**What the task requires:** Character for character, write out the data below.
+++ Supplied data +++
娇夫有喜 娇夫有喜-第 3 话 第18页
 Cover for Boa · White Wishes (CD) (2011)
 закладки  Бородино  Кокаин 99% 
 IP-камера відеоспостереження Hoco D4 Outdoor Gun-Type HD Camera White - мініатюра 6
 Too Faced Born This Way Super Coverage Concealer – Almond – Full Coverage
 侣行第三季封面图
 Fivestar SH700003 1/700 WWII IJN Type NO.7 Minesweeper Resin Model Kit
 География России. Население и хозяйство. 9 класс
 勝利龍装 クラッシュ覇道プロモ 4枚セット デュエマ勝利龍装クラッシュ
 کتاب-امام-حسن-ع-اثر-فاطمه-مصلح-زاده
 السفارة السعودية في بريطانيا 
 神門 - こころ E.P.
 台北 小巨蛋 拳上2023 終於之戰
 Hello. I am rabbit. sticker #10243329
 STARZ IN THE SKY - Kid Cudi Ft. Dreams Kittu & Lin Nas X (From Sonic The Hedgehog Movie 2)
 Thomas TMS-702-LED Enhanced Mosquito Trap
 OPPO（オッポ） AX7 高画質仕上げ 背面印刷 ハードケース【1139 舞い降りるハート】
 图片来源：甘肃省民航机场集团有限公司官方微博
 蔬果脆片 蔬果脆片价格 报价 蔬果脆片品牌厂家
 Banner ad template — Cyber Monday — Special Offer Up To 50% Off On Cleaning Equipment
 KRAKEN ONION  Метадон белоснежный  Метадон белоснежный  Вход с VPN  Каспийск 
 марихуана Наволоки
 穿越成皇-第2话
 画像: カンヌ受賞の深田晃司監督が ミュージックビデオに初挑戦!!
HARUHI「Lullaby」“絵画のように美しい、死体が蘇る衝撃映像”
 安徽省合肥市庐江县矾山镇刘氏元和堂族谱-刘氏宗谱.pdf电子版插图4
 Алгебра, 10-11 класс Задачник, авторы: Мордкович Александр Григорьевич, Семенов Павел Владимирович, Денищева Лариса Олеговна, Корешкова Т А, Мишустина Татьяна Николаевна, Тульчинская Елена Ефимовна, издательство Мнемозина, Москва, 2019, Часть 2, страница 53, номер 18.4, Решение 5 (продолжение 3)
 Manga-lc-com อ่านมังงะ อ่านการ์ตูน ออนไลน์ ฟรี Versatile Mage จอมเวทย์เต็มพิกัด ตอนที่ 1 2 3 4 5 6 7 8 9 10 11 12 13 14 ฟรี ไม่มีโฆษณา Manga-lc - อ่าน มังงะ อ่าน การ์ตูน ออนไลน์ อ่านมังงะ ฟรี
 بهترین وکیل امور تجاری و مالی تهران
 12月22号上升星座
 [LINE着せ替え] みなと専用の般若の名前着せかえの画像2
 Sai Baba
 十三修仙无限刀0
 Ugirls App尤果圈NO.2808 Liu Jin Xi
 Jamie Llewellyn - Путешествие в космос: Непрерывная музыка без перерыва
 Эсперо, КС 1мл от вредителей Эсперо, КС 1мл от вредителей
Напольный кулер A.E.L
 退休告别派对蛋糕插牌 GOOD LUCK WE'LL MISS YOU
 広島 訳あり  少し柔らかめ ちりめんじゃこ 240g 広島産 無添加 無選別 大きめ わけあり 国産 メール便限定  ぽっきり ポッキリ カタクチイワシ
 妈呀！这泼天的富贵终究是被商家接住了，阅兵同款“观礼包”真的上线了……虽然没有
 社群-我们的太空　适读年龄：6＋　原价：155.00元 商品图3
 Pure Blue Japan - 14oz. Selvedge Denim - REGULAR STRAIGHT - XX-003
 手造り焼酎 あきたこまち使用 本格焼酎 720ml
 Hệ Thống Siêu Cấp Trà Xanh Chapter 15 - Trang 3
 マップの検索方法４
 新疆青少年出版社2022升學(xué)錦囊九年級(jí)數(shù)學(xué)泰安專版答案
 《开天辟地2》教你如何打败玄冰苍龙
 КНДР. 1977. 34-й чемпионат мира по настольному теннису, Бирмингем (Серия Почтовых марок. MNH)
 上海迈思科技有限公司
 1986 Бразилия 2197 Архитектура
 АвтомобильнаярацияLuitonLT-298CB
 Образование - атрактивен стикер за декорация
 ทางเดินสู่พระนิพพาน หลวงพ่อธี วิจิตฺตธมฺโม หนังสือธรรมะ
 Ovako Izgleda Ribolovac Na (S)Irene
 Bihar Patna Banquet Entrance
+++
**Expected output:**
娇夫有喜 娇夫有喜-第 3 话 第18页
 Cover for Boa · White Wishes (CD) (2011)
 закладки  Бородино  Кокаин 99% 
 IP-камера відеоспостереження Hoco D4 Outdoor Gun-Type HD Camera White - мініатюра 6
 Too Faced Born This Way Super Coverage Concealer – Almond – Full Coverage
 侣行第三季封面图
 Fivestar SH700003 1/700 WWII IJN Type NO.7 Minesweeper Resin Model Kit
 География России. Население и хозяйство. 9 класс
 勝利龍装 クラッシュ覇道プロモ 4枚セット デュエマ勝利龍装クラッシュ
 کتاب-امام-حسن-ع-اثر-فاطمه-مصلح-زاده
 السفارة السعودية في بريطانيا 
 神門 - こころ E.P.
 台北 小巨蛋 拳上2023 終於之戰
 Hello. I am rabbit. sticker #10243329
 STARZ IN THE SKY - Kid Cudi Ft. Dreams Kittu & Lin Nas X (From Sonic The Hedgehog Movie 2)
 Thomas TMS-702-LED Enhanced Mosquito Trap
 OPPO（オッポ） AX7 高画質仕上げ 背面印刷 ハードケース【1139 舞い降りるハート】
 图片来源：甘肃省民航机场集团有限公司官方微博
 蔬果脆片 蔬果脆片价格 报价 蔬果脆片品牌厂家
 Banner ad template — Cyber Monday — Special Offer Up To 50% Off On Cleaning Equipment
 KRAKEN ONION  Метадон белоснежный  Метадон белоснежный  Вход с VPN  Каспийск 
 марихуана Наволоки
 穿越成皇-第2话
 画像: カンヌ受賞の深田晃司監督が ミュージックビデオに初挑戦!!
HARUHI「Lullaby」“絵画のように美しい、死体が蘇る衝撃映像”
 安徽省合肥市庐江县矾山镇刘氏元和堂族谱-刘氏宗谱.pdf电子版插图4
 Алгебра, 10-11 класс Задачник, авторы: Мордкович Александр Григорьевич, Семенов Павел Владимирович, Денищева Лариса Олеговна, Корешкова Т А, Мишустина Татьяна Николаевна, Тульчинская Елена Ефимовна, издательство Мнемозина, Москва, 2019, Часть 2, страница 53, номер 18.4, Решение 5 (продолжение 3)
 Manga-lc-com อ่านมังงะ อ่านการ์ตูน ออนไลน์ ฟรี Versatile Mage จอมเวทย์เต็มพิกัด ตอนที่ 1 2 3 4 5 6 7 8 9 10 11 12 13 14 ฟรี ไม่มีโฆษณา Manga-lc - อ่าน มังงะ อ่าน การ์ตูน ออนไลน์ อ่านมังงะ ฟรี
 بهترین وکیل امور تجاری و مالی تهران
 12月22号上升星座
 [LINE着せ替え] みなと専用の般若の名前着せかえの画像2
 Sai Baba
 十三修仙无限刀0
 Ugirls App尤果圈NO.2808 Liu Jin Xi
 Jamie Llewellyn - Путешествие в космос: Непрерывная музыка без перерыва
 Эсперо, КС 1мл от вредителей Эсперо, КС 1мл от вредителей
Напольный кулер A.E.L
 退休告别派对蛋糕插牌 GOOD LUCK WE'LL MISS YOU
 広島 訳あり  少し柔らかめ ちりめんじゃこ 240g 広島産 無添加 無選別 大きめ わけあり 国産 メール便限定  ぽっきり ポッキリ カタクチイワシ
 妈呀！这泼天的富贵终究是被商家接住了，阅兵同款“观礼包”真的上线了……虽然没有
 社群-我们的太空　适读年龄：6＋　原价：155.00元 商品图3
 Pure Blue Japan - 14oz. Selvedge Denim - REGULAR STRAIGHT - XX-003
 手造り焼酎 あきたこまち使用 本格焼酎 720ml
 Hệ Thống Siêu Cấp Trà Xanh Chapter 15 - Trang 3
 マップの検索方法４
 新疆青少年出版社2022升學(xué)錦囊九年級(jí)數(shù)學(xué)泰安專版答案
 《开天辟地2》教你如何打败玄冰苍龙
 КНДР. 1977. 34-й чемпионат мира по настольному теннису, Бирмингем (Серия Почтовых марок. MNH)
 上海迈思科技有限公司
 1986 Бразилия 2197 Архитектура
 АвтомобильнаярацияLuitonLT-298CB
 Образование - атрактивен стикер за декорация
 ทางเดินสู่พระนิพพาน หลวงพ่อธี วิจิตฺตธมฺโม หนังสือธรรมะ
 Ovako Izgleda Ribolovac Na (S)Irene
 Bihar Patna Banquet Entrance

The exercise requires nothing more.